Transport properties of finite-density SU(2) lattice gauge theory

Transport properties of finite-density SU(2) lattice gauge theory

Quantum Chromodynamics (QCD) is a fundamental theory of nuclear interactions, describing nucleons as composite states of quarks and gluons. Heavy-ion collision experiments create a very hot and dense phase of nuclear matter, in which nucleons melt into a quark-gluon plasma. With more than 100 nucleons participating in each collision, the large numbers of produced quarks and gluons allow us to use hydrodynamics to describe the dynamics of QGP. Since nucleons and quarks are electrically charged, a hot QCD medium has nonzero electric conductivity and is also subject to strong magnetic field generated during the collision, which calls for a magneto-hydrodynamic description. Magneto-hydrodynamic equations require electric conductivity as a first-principle input. In particular, it is of direct importance for the lifetime of magnetic field.

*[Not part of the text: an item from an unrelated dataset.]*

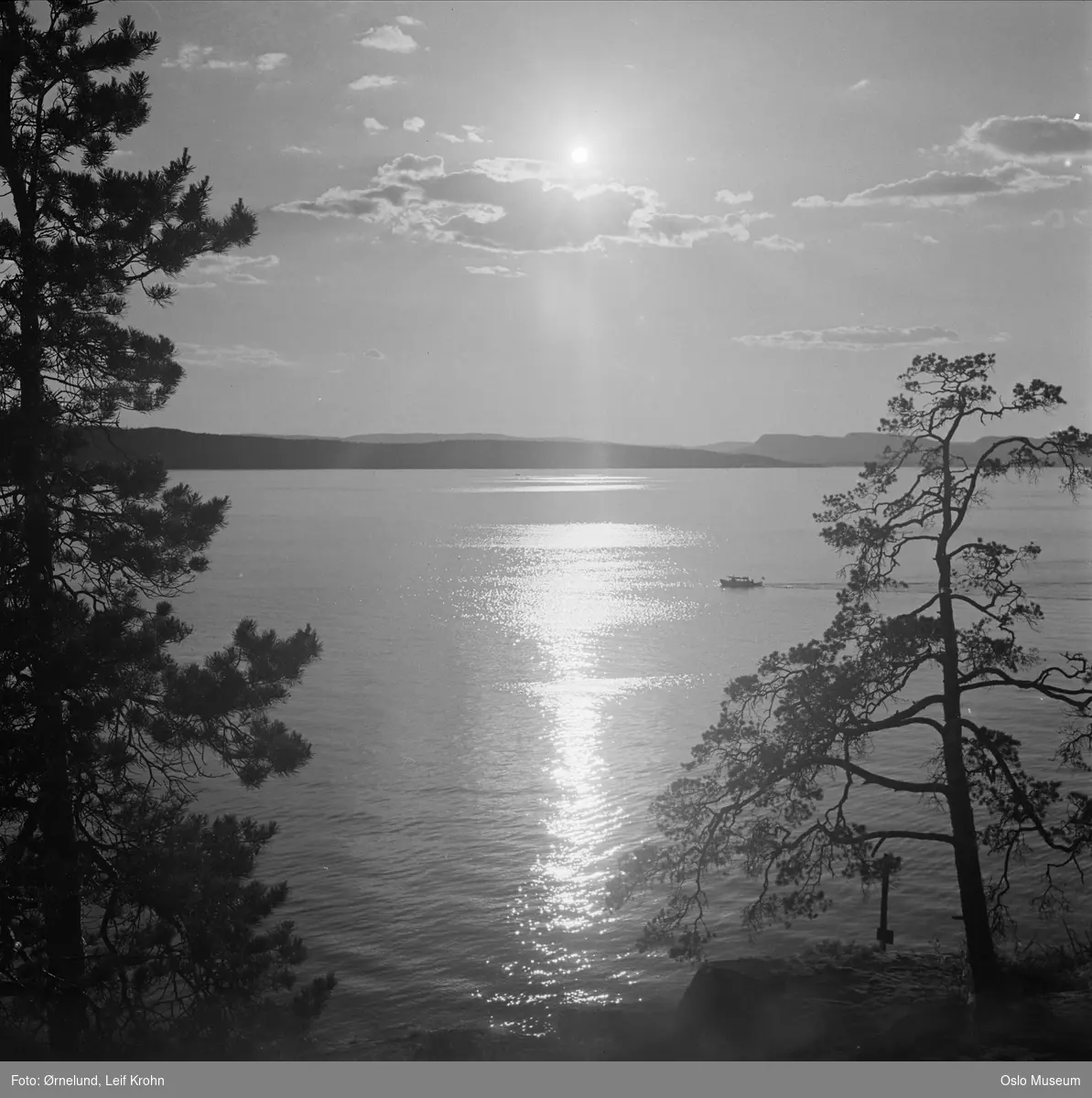 utsikt, fjord, solnedgang, furutrær, motorbåt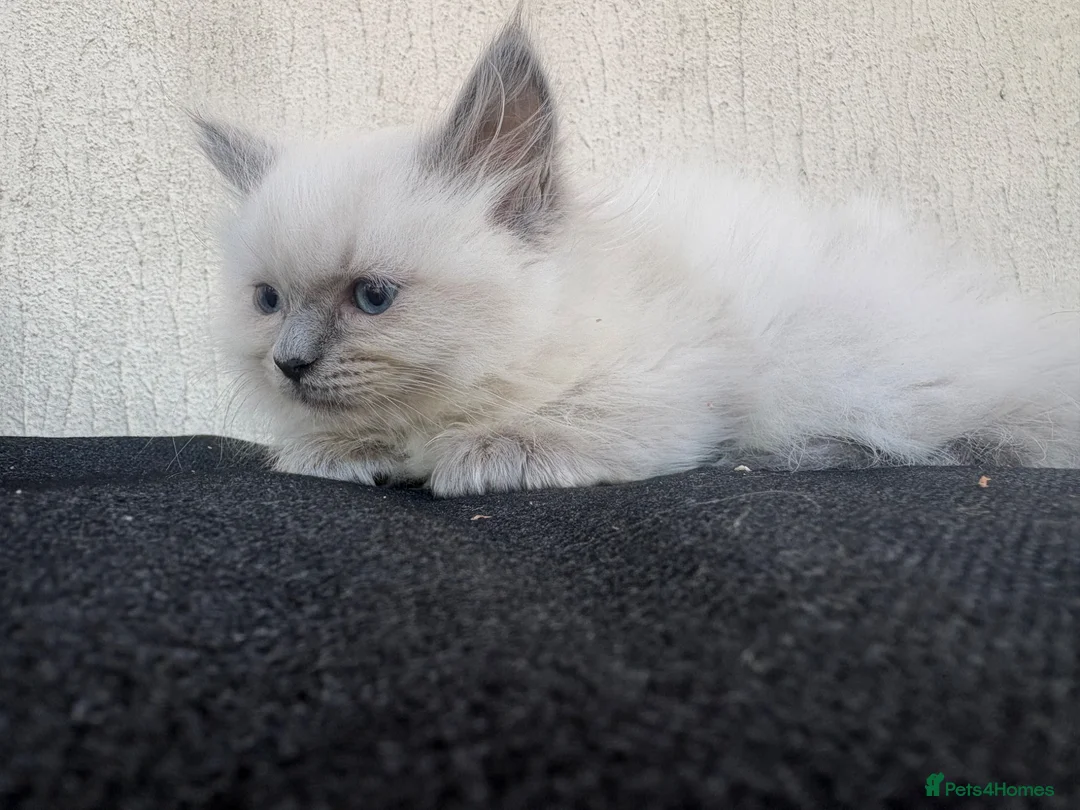 Ragdoll cats for sale: Pure ragdoll kittens  - Advert 1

We carried out the first numerical study of the density dependence of electric conductivity. While this study is hardly possible in real QCD because of the fermionic sign problem which makes the path integral weight non-positive and does not allow for Monte-Carlo simulations, we circumvented the sign problem by replacing the SU(3) gauge group of QCD with the SU(2) gauge group. The resulting SU(2) gauge theory is similar to QCD for small densities. Using SU(2) gauge theory, we found that the density dependence of electric conductivity is mostly close to that of free quarks, and becomes somewhat more pronounced in the vicinity of the chiral crossover which separates the hadronic and the quark-gluon plasma regimes (see Figure). Furthermore, quantum anomalies of gauge theory (violations of classical chiral symmetry at the quantum level) generate new terms in magneto-hydrodynamic equations, known as anomalous transport phenomena. We used SU(2) gauge theory with finite fermion density to study one of these phenomena, the generation of fermionic chirality flow along the magnetic field in dense plasma, dubbed the Chiral Separation Effect. Justifying some of the popular phenomenological approaches, we found that the strength of the Chiral Separation Effect is well described by the free quark gas approximation everywhere in the phase diagram except for the low-temperature, low-density regime.